In covering the search process and appointment of a new state superintendent of schools, the Cleveland Plain Dealer summarized the situation succinctly:
“Steve Dackin was vice president of the State Board of Education and led the search for a vacant superintendent position before resigning and applying for the job three days later. The deadline to apply was the following day.”
You don’t have to read that Plain Dealer paragraph again to realize there was something wrong in the practices of a state board that allowed a board member to conduct the search for a superintendent, resign so that he could apply at the deadline for the position, add his resume to those already received from other candidates, and then months later be hired for the very position he oversaw as vice president of the board and head of the search committee that was charged with filling the position.
If a public board is concerned about optics, its actions might demonstrate that in addition to suffering from myopia, it’s also tone deaf as shown by its hiring of the new state superintendent.
Catherine Turcer, who directs Common Cause Ohio, an organization which promotes “transparency and accountability in government,” also examined the process that led up to Dackin’s candidacy and had concerns.
“The thing that’s important about this is that we have as much transparency as possible so that we can understand what happened and whether he was attempting to get himself the job inappropriately,” she said. “Right now, we have a lot of questions and things look odd. It’s not enough to do the pro forma, ‘I put my resignation in before I applied.’ You dotted one ‘i’ but what about all the ‘t’s?’ she told the Plain Dealer.
The appointment of a new state superintendent during National Charter Schools Week drew praise from the state charter school lobby, including kind words from the Thomas B. Fordham Institute, an organization that promotes these publicly funded, privately operated, underregulated entities and, like the schools it promotes, is conflicted in its purposes. That makes Fordham a comfortable and perfect fit in the midst of charter world.
The conflict that is Fordham was described last year in the Ohio Capital Journal. Fordham serves simultaneously as a charter school authorizer, promoter, and so-called “think tank,” crafting studies that unsurprisingly promote public school privatization, which it calls school choice. But with all of its “think tank” research, apparently Fordham hasn’t studied one of the major design flaws in charter schools.
That flaw doesn’t allow the democratic election of board members by qualified voters in a community. Instead, in many instances we have seen self-dealing by hand-picked board members, conflicts-of-interest by operators, and all of the ethical issues that surround organizations that are not fully transparent in their operations.

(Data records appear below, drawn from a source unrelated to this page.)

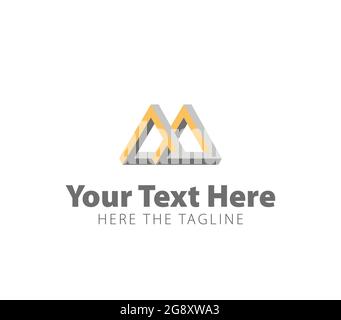 Impossible figure made of triangles. Ready logo Stock Vector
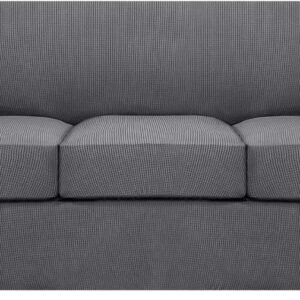 H.VERSAILTEX 3 Piece Stretch Sofa Covers for 2 Cushion Sofa Couch Covers for Living Room Furniture Cover (Base Cover Plus 2 Seat Cushion Covers) Thicker Jacquard Fabric(Large Sofa, Grey)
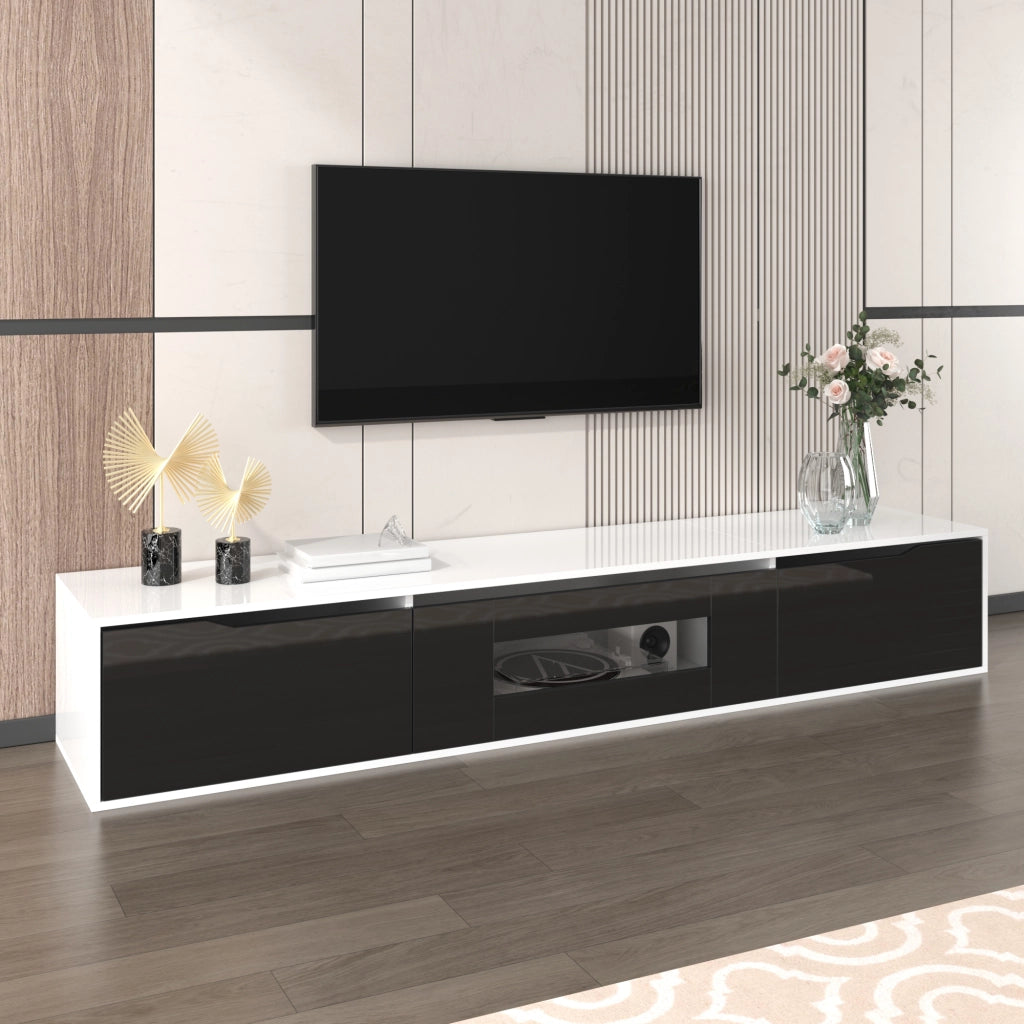 Cassettiera per TV bianca in truciolare; lunghezza 180 cm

The most classic example of this was seen several years ago, where the chairman of a charter school board was also a part-owner of the company which owned the building where the school was located. The school made an overpayment of $478,000 to the company without any board approval. A number of individuals associated with the charter school were indicted, including the school founder, his wife and brother, the board chairman and school treasurer.

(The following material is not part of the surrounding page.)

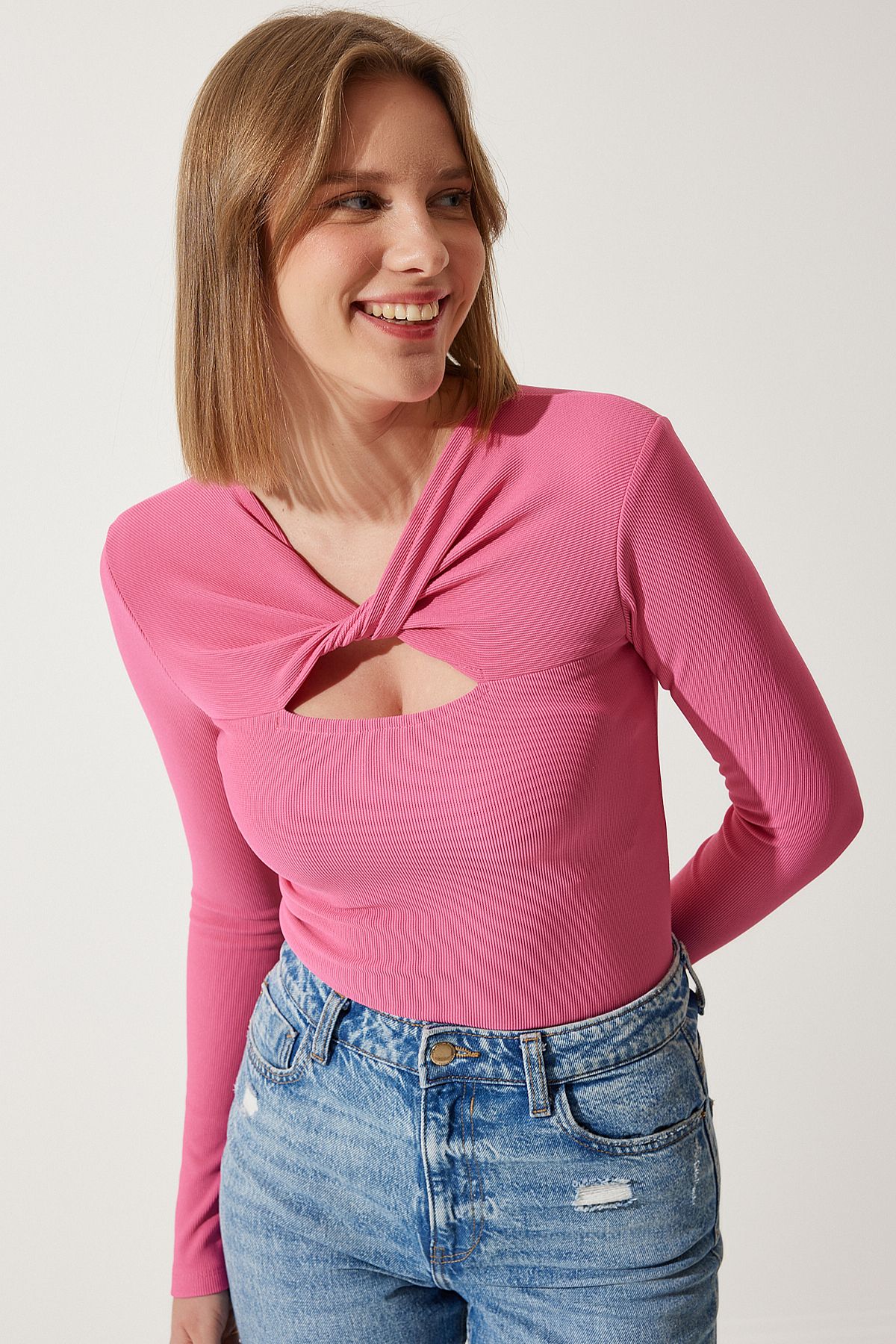 Kadın Pembe Cut Out Detaylı Fitilli Örme Bluz SF00005 Kadın Pembe Cut Out Detaylı Fitilli Örme Bluz SF00005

Which brings us back to the recent action of the State Board of Education in choosing a new state superintendent.
Because of a history of scandal in the state charter school industry, where more than $1 billion in public funds alone went to ECOT in the largest online charter school scandal in the country, and where the wreckage of more than 300 closed Ohio charters have further depleted the state treasury due to lax oversight caused by few controls, the State Board of Education itself should not be acting like a challenged and conflicted charter school board with few rules, policies, or any sense of institutional memory.
Moreover, the enthusiasm for Dackin’s appointment expressed by the charter school industry and the Fordham Institute should also raise even more concerns.

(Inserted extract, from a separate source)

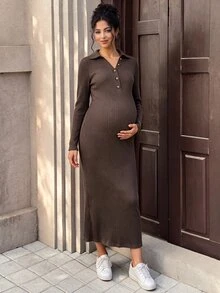 SHEIN Maternity Nursing Brown Solid Color Knit Ribbed V-Neck Button-Front Slit Dress Formal Home Wear Autumn Casual Cute Baggy Fall Thanksgiving Office - Brown - View 7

As someone who has experience in providing oversight of charter schools as well as service on non-profit boards, it is my view that the processes used in the Dackin appointment are troublesome. For example, some boards have policies that require at least a one-year separation by a board member before applying for employment with the organization. Such a board policy protects an organization and lessens the possibility of a conflict or self-dealing situation by any member.
And what about the State Board of Education? Why isn’t there policy which prohibits the employment of a former board member for an extended period of time after separation from the board? For that matter, are there any state boards that have a “time-out” policy before a board or advisory committee member seeks employment?
The Ohio Ethics Commission and its three-page review of the situation before the state board’s hiring of the new superintendent was, to put it mildly, inadequate for the circumstances in the Dackin situation. The appearance of a conflict of interest or any ethical question related to actions that employ past board members recently separated from a public board should be a serious issue.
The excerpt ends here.